Quel est selon vous le rôle du kinésithérapeute dans le système de santé, et dans la société en général ?

En tant que kinésithérapeute, nous « lisons » le corps, qui « parle » parfois plus que les mots. Il me semble que nous avons un rôle primordial notamment en termes de prévention, qu’elle soit primaire, secondaire ou tertiaire. L’éducation thérapeutique du patient est également un pilier de notre accompagnement, permettant d’impliquer les personnes dans leur prise en charge et de les rendre actrices de leur santé.

[1] Ces deux ouvrages sont des outils précieux dans ma pratique :

– Van der Kolk BA. Le Corps n’oublie rien : Le cerveau, l’esprit et le corps dans la guérison du traumatisme. Pocket ; 2021.

– Kabat-Zinn J. Au cœur de la tourmente, la pleine conscience. J’ai lu ; 2012.

[2] Diplôme universitaire Médecine, Méditation et Neurosciences.https://pleineconscience-mindfulness.fr/diplome-universitaire-medecine-meditation-neurosciences/, https://sfc.unistra.fr/formations/sante-psychiatrie_-_psychiatrie-adultes_-_diplome-duniversite-de-medecine-meditation-et-neurosciences_-_5481/

[3] Le transfert et le contre-transfert font partie intégrante de la relation de soin et en illustrent la complexité.

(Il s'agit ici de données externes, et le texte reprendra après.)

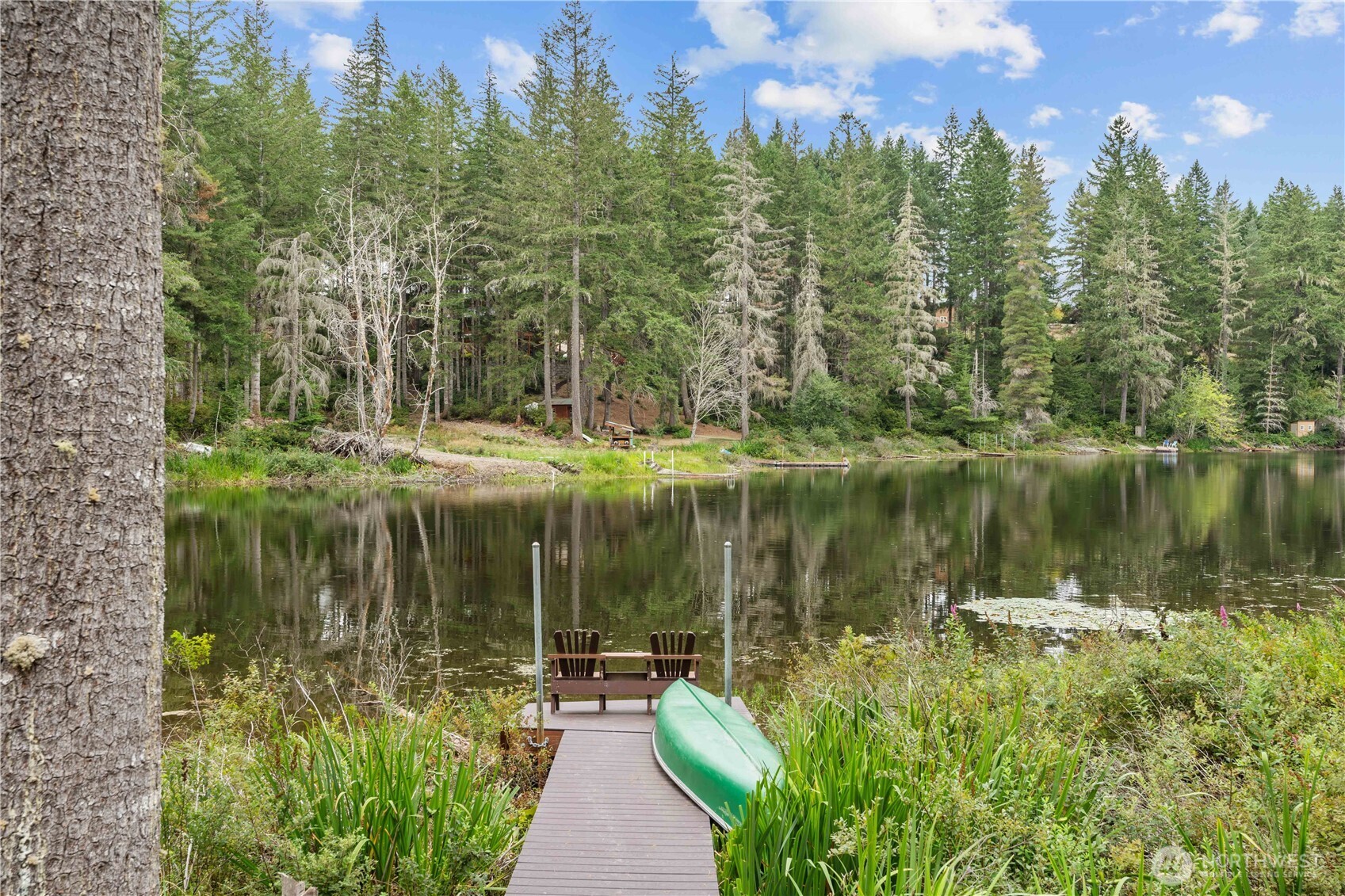 7131 Northeast Tahuya Blacksmith Road Belfair, WA 98528 - Photo 1 of 33 a view of a lake with a house in the background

Le transfert est un mécanisme inconscient par lequel le patient réactualise ses conflits infantiles en projetant sur le thérapeute l’image de ses parents et les sentiments qu’il éprouve à leur égard : affection en cas de dépendance confiante, hostilité en cas de dépendance méfiante.

Le contre-transfert est une réaction affective inconsciente du soignant en réponse au transfert du patient. Le soignant peut ainsi ressentir de l’attraction ou de la répulsion, un sentiment d’impuissance, de l’irritation face à certains propos du patient, etc. Reconnaître, analyser et accepter le contre-transfert permet d’adopter une position juste dans la relation de soin.